Thursday, May 20, 2010

The Buck Stops Here Temporarely

Thursday Story Strip Day

Today's post is pretty poor. I have been showing newspaper and comic strips by Milt Caniff assistants and imitators such as Lee Elias, Ray Bailey, Bill Overgard and Alfred Andriola. But there were more. Many more. Some of these, such as Bill Draut made a fine career out of it. Later in life he developed an inking style of his own, but all through the fifties he inked his work in the Caniff style. I should actually say the Caniff/Sickles style, but actually Draut always was more indebted to Caniff than to Sickles. I don't think he worked as an assistant for Caniff, but he was influenced by him quite early on. Somewhere upstairs I have a drawing Draut did for his army paper when he was a soldier and even then the Caniff influence was pretty obvious. And he was quite a gifted artist, so it's not strange that he was picked tp draw the Sgt. Stony Craig strip, a Terry and the Pirates/Scorchy Smith type war strip, written by a guy called Frank Renfraw and drawn by Don Dixon. Jerry Bails' Who's Who tells us the strip was started in 1937 and was drawn by Dixon until 1940. After that it was taken over by a Gerald Boucher from 1940 to 1944. Bill Draut is credited for 1944 and 1945 and Lin Streeter fro 1945 and 1946. This tells us, that the strip probably didn't start out as a war strip, since there was no war yet in 1937. At least not for the US. It may have been a strip about the army, though. There were strips about the navy and the air force as well, so why not the army. Maybe one of my more knowledgable visitors can educate us. The dates Bails gives us, are not to be taken too literally. I hope that Alan Holtz' Stripper's Guide wil come out soon, so we will have reliable starting and ending dates for most of these strips, but until then we will have to do with these guestimates. In this case, I am sure about the fact they are guestimates, because my samples show Bill Draut signing at least until jan 31 1945. In fact, Swedish blogger Joakim Gunnarson has already devoted some attention to this strip in 2008 and he has samples signed by Bill Draut from March 1945 till June 1946. Unfortunately Joakim didn't show a longer run of his samples, but if he wants to share them I will gladly offer him the space. Until that time you will have to make do with my poor NewspaperArchive copies.

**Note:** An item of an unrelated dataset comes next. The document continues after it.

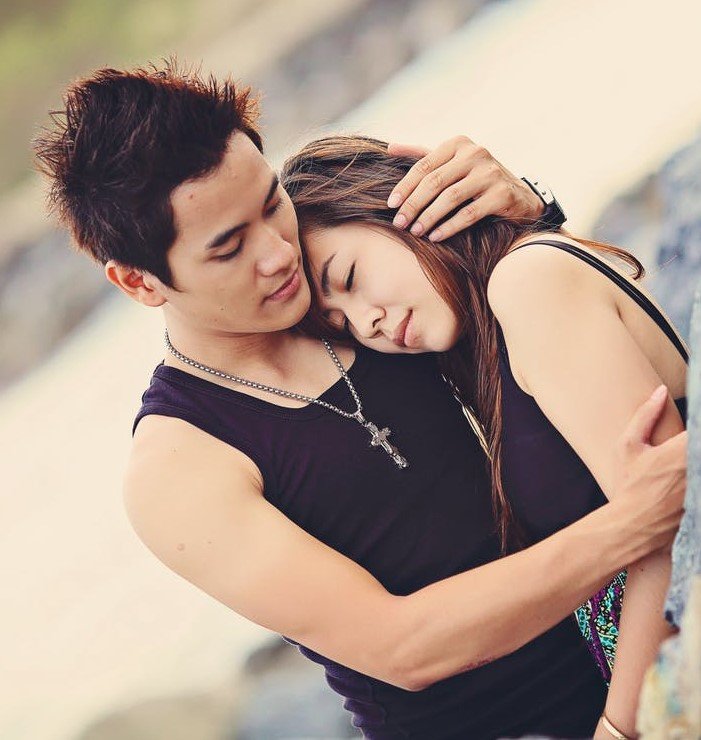 8 Differents Types De Calins Et Ce Qu Ils Revelent Au Sujet De Votre Relation Vonjour 8 Differents Types De Calins Et Ce Qu Ils Revelent Au Sujet De Votre Relation Vonjour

Another reason I find these strips interesting, is because of their relative smal size. It seems to me, that certain artists decied themselves their strips were less noteworthy by chosing to do them at a smaller and less detailed level. That would probably have made them cheaper to make, but it would also have limited their potentil market to the lesser paying papers. A vicious circle, that would inevitably always lead to a lesser quality, a loss of clients and eventually the cancellation of the strip guaranteeing that they would never appear in any of the important books on the histery of the newspaper strip. I will later show strips by George Roussos and Norman Maurer and Paul Reinman that took the same route, ensuring that all four artists (Draut, Roussos, Maurer and Reinman) were not able to leave the comic book ghetto.

These strips run from Dec 1945 to Jan 31 1946, with only a few strips missing.

It was only after I uploaded all these strips, that I remembered that I was supposed to give you the second part of George Tuska's Buck Rogers strip I started last week. It will have to wait another week, I'm afraid.



































Joakim asks how soon after June 1946 Lin Streeter took over the strip. I don't know, but although the art doesn't seem to have changed much, the Draut signature seems to have been dropped by July 1st.

1 comment:

Smurfswacker said...

Even granting him points for just starting out, this strip isn't Bill Draut's finest hour. The massed shadows seem less like artistic statements than shortcuts to save work. Practically no backgrounds, repetitive layouts...if this was the best he could do in 1948, Draut sure grew a helluva lot in the few years between Stony Craig and Prize Comics.

I wonder if the fact that Stony Craig was one ugly mugg contributed to the strip's failure.